I.T. Proctology: 03/01/2009

Monday, March 23, 2009

HA VMs and the Failover Clustering wizard

Here is a gotcha that just came out of the Hyper-V forums.

I have been assisting a person with a problem that he was having with his VM shaving to failover as a group. We walked through the most common issue; the VMs share a single storage LUN. But the issue persisted. So we went backward.

In the end it was all about the process of making a VM Highly Available in the Failover Clustering manager.

Now, the process has been well documented and blogged about - so I am not going to show screen shots or outline the process. But I will mention the gotcha.

Here is rule of thumb that us crusty clustering folks don't think of anymore. We just do it, and in doing that I didn't even think about the root of the issue that this individual ran into.

Here is the rule of thumb: One run of the Failover Cluster "add resource" wizard equals one Highly Available resource.

You might think, well yea. And for those of us that began with Clustering under NT4, this was a requirement. However, with the ease of use of the new wizard in Failover Cluster Manager I just don't consciously think about it anymore.

Why is this an issue?

Ah, here is the scenario.

I open the wizard to make a number of VMs Highly Available. To safe some time, I add multiple VMs and complete the wizard. I think, great, I am done.

Now, on the backside, Failover Clustering has actually just grouped all of these VM resources together as a single Highly Available entity that is composed of many workloads.

This is where Failover Clustering takes over, and Hyper-V is just an engine.

Failover Clustering deals in 'workloads.'

And in the workload world that can be a website, plus a COM service, plus a LUN, plus a database server - all distinct entities, but all dependent upon each other, and in Failover Clustering you would set these up as a single workload and that they would come online in a specific order.

When we talk VMs - Failover Clustering only has a rule that says, 'Oh, a VM is composed of a configuration file, plus a VHD, plus the volume the VHD resides on' and it is the logic in the wizard that takes care of setting all three of these items as a single Highly Available workload.
(Go ahead; take a look at the details of a Highly Available VM).

The point is that each VM must be set up individually.
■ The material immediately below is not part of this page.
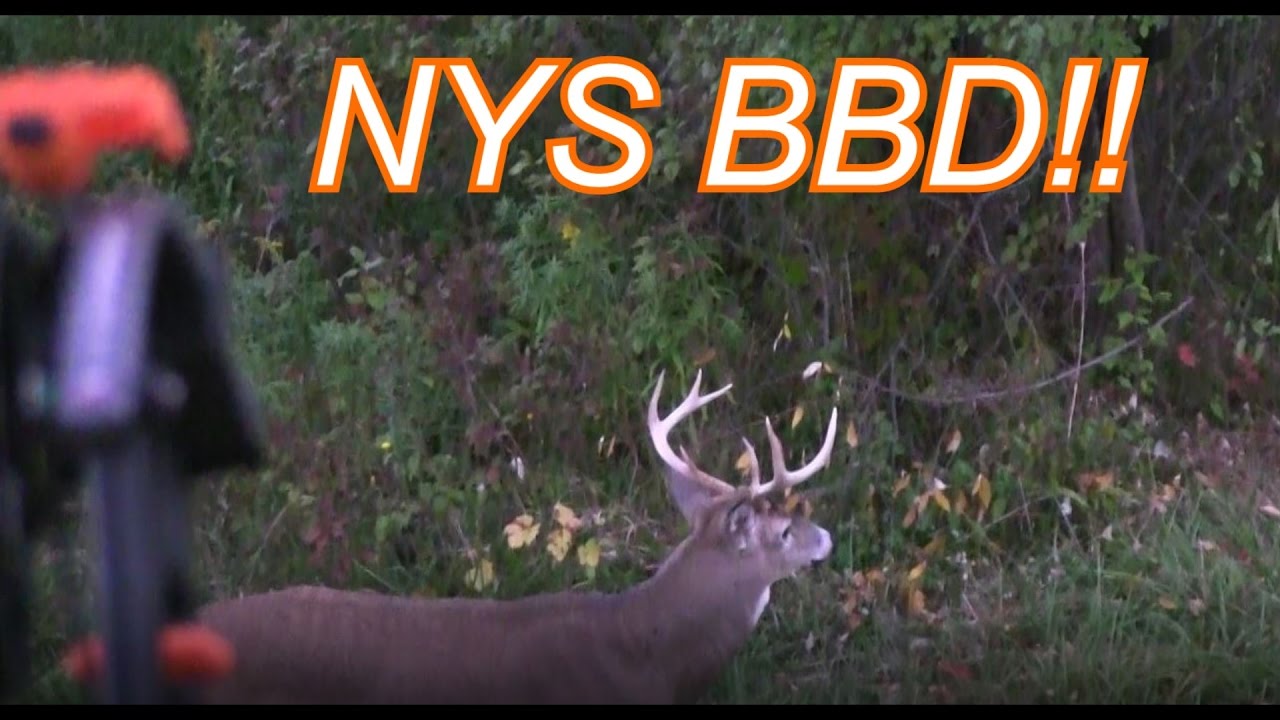 Bow hunting New York Big Buck Kill 2016 YouTube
One invoke of the wizard = one VM.
If you add multiple VMs at the same time then Failover Clustering considers them multiple components of the same workload and will keep them together and fail them over between hosts as a single unit.
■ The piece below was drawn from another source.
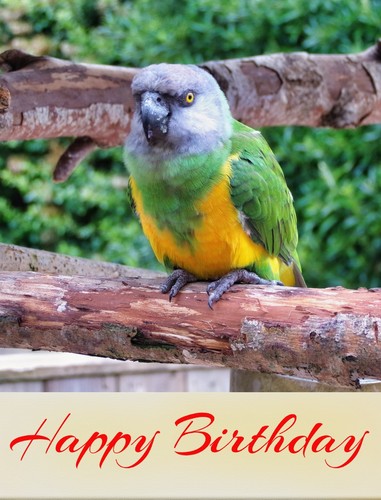 Senegal parrot happy birthday - senegal,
This can lead to all kinds of confusion. Such as: why can't i have each VM on its own host? Why can't i fail them over individually?
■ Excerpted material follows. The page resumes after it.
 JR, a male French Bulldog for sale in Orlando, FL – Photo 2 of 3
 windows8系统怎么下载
One problem is the LUN - when multiple VMs share a single LUN, but that is not the issue here.
When might this be something that you want to do?

You would want to do this if you had VM entities that were related or required each other or required an internal virtual network to communicate.

One example is an IIS server that must sit behind a separate VM firewall. In this case, make them fail together, as a single workload.

In the end, I hope this helps broaden the understanding of how Hyper-V extends and depends on other Windows services to provide features.

Saturday, March 14, 2009

Migration types de-mystified

Recently I have been trying to help folks out with understanding the infrastructure required for various type of migrations using SCVMM and Hyper-V.

There is Network Migration, Quick Migration, SAN Migration, and soon - Live Migration.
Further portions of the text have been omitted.